Please return the data that follows precisely as written, but without the images.
DATASET SECTION section start
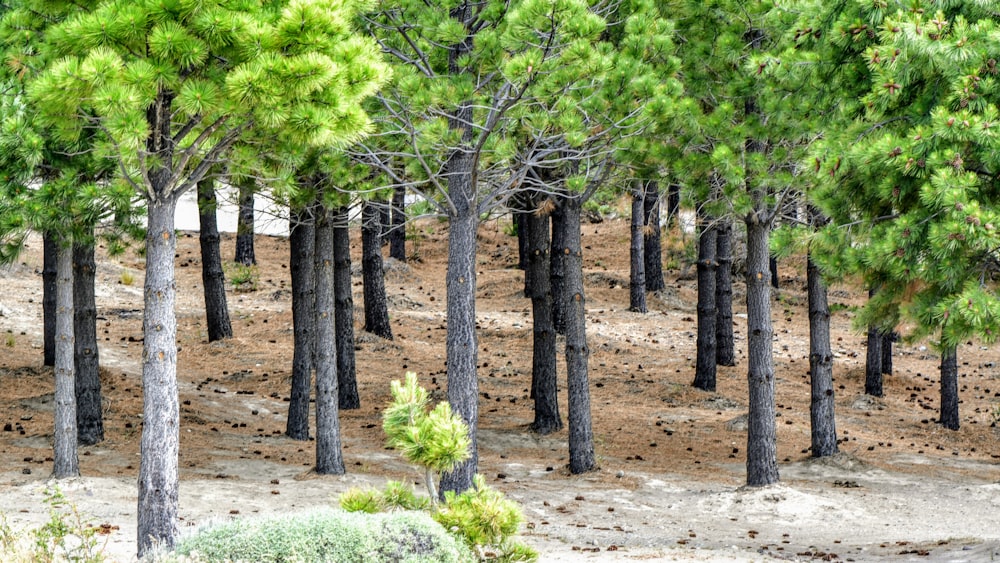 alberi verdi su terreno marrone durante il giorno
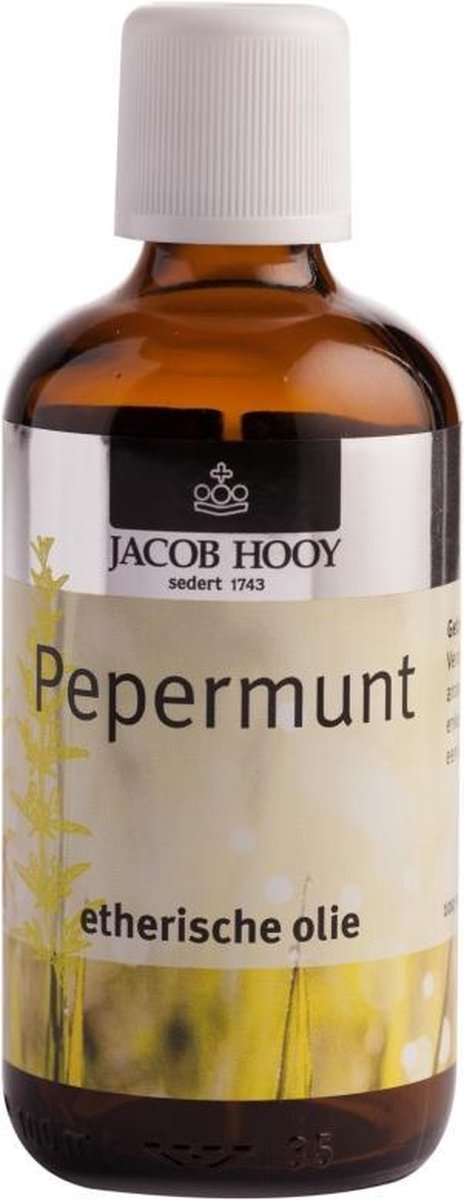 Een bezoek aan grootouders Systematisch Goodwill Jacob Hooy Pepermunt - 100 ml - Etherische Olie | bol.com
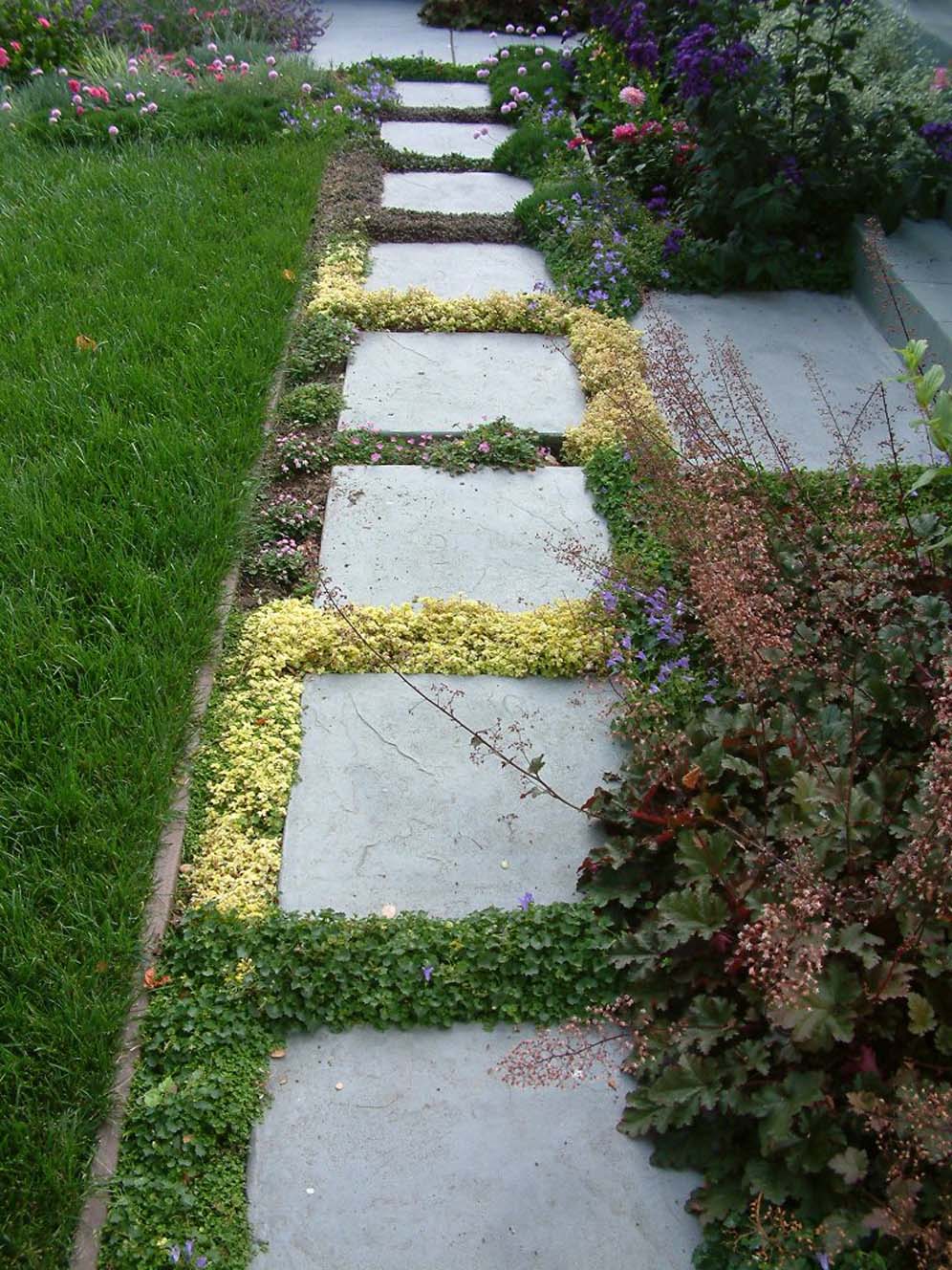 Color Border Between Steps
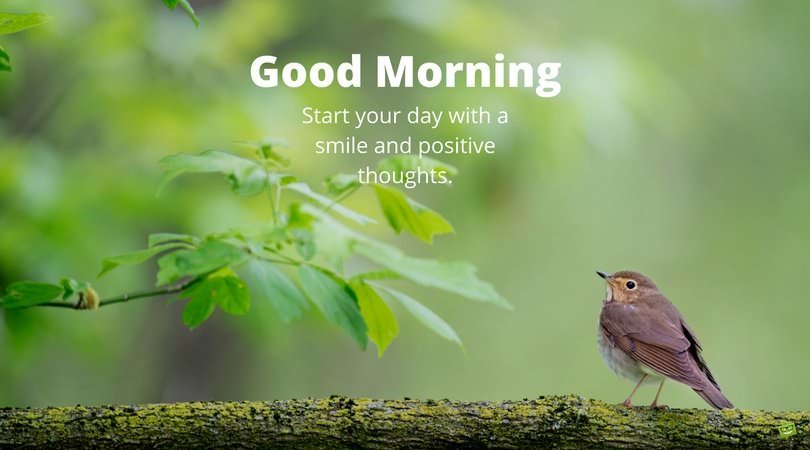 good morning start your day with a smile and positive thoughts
DATASET SECTION section end
ANSWER BOX
 alberi verdi su terreno marrone durante il giorno
 Een bezoek aan grootouders Systematisch Goodwill Jacob Hooy Pepermunt - 100 ml - Etherische Olie | bol.com
 Color Border Between Steps
 good morning start your day with a smile and positive thoughts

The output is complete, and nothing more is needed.